JIMA-DON

ニシジマオさん(自称日曜音楽家)の日常と散文駄文

ガス抜きin my head

 パワーワゴンさんことポカムス藤田氏の、ナンバーガールにまつわる回顧録ツイートがめちゃくちゃ面白い。
 http://togetter.com/li/125908 

 同じ時期の自分とその周辺の、どうだっていい場所でただなんとなーく表現の場を見つけちゃうとろくなことがないなあ、という自戒の念を感じた。

 藤田氏が「自分のドロドロした感情をどこで表現すればいいかわかんなかった」と悶々としてた頃、自分はラジオ番組に、コミックソングを投稿してたりしてそんな場所を確保していた。
 まあぬくぬくってのはアレで、実際にはそれなりに努力をしていたんだけれども。

 それがあっさり終わって「表現の場なくなっちゃったよ!自分でやるしかないよ!どうしよう!」とかなり怯えてた記憶がある。
 当時その流れから、ライブハウスとかに出るようになるまでやっていた長年の相方がいた。
 彼はラジオの投稿コーナーのような「与えられた活動の場」での表現が自分に合っていたから、次のそういう場を見つけるためにもがいてた。自分は「活動の場がなくなるあの恐怖を味わうのはゴメンだ」と自分の表現の形を変えるために必死にもがいてた。
 その相違が亀裂を生んだだけだったのかな。結局バンドはあくまで自分主観だけど「こっから面白いことが出来そう」に思えたところで解散した。

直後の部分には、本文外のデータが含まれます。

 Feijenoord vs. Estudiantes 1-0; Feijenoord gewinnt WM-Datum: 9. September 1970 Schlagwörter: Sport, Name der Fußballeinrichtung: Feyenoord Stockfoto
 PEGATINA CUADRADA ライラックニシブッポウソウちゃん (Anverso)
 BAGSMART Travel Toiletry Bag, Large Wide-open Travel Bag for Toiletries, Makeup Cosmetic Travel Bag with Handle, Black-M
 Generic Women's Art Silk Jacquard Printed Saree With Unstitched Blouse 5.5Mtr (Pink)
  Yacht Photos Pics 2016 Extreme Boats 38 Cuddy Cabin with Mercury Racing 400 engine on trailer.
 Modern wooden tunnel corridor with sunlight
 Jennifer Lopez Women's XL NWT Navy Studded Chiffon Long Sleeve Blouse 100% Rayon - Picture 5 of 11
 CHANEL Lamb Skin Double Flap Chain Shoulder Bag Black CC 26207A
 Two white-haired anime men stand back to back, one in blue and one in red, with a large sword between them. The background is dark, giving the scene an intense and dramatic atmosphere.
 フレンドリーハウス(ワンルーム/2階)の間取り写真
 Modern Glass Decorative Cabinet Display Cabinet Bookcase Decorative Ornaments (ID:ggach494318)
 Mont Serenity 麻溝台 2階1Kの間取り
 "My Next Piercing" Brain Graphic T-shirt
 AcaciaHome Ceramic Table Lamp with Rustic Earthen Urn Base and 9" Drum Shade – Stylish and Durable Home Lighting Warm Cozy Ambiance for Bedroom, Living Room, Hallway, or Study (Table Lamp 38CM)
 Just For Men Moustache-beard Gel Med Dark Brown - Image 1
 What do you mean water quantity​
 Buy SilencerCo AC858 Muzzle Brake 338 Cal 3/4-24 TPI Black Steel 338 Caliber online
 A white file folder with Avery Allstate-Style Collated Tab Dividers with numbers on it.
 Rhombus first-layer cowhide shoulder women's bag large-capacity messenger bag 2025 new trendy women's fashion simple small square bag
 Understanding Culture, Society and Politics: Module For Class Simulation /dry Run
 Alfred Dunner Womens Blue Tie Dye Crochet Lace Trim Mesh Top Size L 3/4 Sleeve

 フジタ回顧録の94〜99年の流れは、そんな自分たちがなーんとなくライブハウスの主流のシーンを斜に構えて、そう駆け抜けた時期だ。

 「福岡の田舎サロンの本流みたいなのには飲み込まれたくないze」なんて遠吠えをして、ヒネた活動をしていた頃だった。小さなライブハウスでさあ。
 ラジオの元人気者なんてバカみたいなプライドもアレだったけど、ネットなんかで楽曲出したりしたら妙に人気が出たりした時期もあったっけな。だけれど、その昔のネット上の音楽なんて本当にニッチな需要だった。

 どう強がったとしても、粋がってた自分達の本当にすぐ横を、そういうシーンがすり抜けて高みに登り詰めてたという現実はなかなか痛快だなあと思う。

 面白かったのはそのとき、宮下ムソーさんがその前バンドを見てるのね。スゲー評価してくれてた。
 あの頃ブッキングを考えていた自分が斜にさえ構えなければ、もっと今の友人達と早く知り合っていたのになあ。そう思う。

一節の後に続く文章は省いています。